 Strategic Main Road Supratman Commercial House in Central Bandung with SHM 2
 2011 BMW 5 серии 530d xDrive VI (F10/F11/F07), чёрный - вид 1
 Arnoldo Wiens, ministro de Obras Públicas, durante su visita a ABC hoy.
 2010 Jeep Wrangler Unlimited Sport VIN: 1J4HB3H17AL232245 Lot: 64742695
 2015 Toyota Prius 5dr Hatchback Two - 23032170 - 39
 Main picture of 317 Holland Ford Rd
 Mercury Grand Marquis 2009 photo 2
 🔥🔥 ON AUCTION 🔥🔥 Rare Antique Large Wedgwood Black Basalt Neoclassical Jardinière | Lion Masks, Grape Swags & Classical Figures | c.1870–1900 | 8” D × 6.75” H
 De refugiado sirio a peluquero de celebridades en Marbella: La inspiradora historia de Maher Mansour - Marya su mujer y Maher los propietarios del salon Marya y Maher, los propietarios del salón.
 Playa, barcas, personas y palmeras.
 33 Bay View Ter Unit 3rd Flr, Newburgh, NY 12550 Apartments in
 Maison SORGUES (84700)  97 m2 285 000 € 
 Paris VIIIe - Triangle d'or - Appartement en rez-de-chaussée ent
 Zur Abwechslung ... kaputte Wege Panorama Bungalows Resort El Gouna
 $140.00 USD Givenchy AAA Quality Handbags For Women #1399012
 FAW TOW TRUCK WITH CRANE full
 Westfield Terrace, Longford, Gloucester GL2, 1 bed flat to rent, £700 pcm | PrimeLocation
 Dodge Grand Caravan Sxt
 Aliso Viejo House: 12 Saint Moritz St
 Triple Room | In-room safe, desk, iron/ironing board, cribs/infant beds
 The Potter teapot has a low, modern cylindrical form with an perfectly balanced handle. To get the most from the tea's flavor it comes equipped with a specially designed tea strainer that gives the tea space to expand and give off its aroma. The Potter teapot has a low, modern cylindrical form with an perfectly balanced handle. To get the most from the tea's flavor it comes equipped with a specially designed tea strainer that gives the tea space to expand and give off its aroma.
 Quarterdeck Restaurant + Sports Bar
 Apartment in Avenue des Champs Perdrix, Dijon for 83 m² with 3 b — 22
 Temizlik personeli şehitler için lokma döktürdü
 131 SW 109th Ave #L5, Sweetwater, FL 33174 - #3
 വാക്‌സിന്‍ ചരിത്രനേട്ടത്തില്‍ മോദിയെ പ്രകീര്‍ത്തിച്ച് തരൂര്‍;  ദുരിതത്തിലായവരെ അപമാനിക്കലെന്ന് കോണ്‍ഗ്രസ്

• Work to be completed: Collect every line above that contains the word "Main".

• Reply to the exercise:
 Strategic Main Road Supratman Commercial House in Central Bandung with SHM 2
 Main picture of 317 Holland Ford Rd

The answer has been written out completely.